What you need to do
Using the material below, return exactly the lines between the one holding "Sleep In Guest House Hualien Buitenkant foto" and the one holding "2017 NISSAN ROGUE S VIN: KNMAT2MV2HP590315", inclusive, and no others.

■ ■ ■ ■

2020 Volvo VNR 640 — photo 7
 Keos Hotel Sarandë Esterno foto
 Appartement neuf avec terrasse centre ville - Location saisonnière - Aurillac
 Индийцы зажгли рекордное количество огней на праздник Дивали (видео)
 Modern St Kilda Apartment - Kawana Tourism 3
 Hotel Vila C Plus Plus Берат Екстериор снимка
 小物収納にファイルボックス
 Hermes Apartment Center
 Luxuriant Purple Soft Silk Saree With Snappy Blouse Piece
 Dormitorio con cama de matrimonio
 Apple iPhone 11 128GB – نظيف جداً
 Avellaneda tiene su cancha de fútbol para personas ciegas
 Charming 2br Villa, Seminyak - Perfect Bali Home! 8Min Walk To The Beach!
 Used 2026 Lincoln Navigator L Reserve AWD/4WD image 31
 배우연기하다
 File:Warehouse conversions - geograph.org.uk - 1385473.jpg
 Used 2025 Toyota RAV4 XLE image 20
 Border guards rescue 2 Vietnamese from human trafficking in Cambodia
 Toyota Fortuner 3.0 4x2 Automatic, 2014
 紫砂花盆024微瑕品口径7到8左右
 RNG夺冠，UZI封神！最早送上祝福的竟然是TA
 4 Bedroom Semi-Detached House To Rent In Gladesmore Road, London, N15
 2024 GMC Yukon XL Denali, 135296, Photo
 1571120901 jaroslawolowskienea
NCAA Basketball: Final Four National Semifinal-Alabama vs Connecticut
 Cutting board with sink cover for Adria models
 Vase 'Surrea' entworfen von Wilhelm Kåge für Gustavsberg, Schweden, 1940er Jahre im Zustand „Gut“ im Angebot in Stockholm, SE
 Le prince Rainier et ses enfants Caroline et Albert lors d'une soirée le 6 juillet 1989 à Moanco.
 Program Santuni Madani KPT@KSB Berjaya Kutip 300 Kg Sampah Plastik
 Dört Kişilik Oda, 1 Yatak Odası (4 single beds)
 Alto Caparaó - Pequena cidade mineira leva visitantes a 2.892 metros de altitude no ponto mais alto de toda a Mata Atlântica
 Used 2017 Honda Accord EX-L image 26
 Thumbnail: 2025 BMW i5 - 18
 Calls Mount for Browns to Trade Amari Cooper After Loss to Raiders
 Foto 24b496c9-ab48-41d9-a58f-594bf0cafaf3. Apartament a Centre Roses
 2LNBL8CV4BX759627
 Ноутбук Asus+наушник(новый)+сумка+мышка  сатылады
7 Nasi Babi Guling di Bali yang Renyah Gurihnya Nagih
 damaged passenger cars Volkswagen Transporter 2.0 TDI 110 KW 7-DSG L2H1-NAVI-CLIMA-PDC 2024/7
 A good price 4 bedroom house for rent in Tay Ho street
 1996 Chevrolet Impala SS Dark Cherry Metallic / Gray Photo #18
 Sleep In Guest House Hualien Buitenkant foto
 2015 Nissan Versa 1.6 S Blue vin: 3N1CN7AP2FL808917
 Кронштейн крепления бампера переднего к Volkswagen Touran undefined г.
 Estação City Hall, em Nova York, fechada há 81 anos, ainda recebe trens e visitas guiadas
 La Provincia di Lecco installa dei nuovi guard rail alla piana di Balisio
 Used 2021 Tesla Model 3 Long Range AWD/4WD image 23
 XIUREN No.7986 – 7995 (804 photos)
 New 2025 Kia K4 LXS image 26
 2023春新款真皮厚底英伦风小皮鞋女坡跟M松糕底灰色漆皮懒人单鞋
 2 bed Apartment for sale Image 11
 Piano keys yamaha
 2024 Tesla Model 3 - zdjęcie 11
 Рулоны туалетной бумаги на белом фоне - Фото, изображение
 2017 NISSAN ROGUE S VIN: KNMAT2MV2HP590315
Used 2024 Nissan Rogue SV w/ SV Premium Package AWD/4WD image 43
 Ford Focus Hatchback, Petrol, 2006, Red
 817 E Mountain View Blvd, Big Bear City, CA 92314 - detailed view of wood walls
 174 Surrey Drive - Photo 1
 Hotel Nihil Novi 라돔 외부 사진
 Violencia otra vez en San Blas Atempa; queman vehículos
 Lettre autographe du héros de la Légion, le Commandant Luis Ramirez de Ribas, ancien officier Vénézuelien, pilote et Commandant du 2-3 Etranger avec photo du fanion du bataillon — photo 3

■ ■ ■ ■

Output
 Sleep In Guest House Hualien Buitenkant foto
 2015 Nissan Versa 1.6 S Blue vin: 3N1CN7AP2FL808917
 Кронштейн крепления бампера переднего к Volkswagen Touran undefined г.
 Estação City Hall, em Nova York, fechada há 81 anos, ainda recebe trens e visitas guiadas
 La Provincia di Lecco installa dei nuovi guard rail alla piana di Balisio
 Used 2021 Tesla Model 3 Long Range AWD/4WD image 23
 XIUREN No.7986 – 7995 (804 photos)
 New 2025 Kia K4 LXS image 26
 2023春新款真皮厚底英伦风小皮鞋女坡跟M松糕底灰色漆皮懒人单鞋
 2 bed Apartment for sale Image 11
 Piano keys yamaha
 2024 Tesla Model 3 - zdjęcie 11
 Рулоны туалетной бумаги на белом фоне - Фото, изображение
 2017 NISSAN ROGUE S VIN: KNMAT2MV2HP590315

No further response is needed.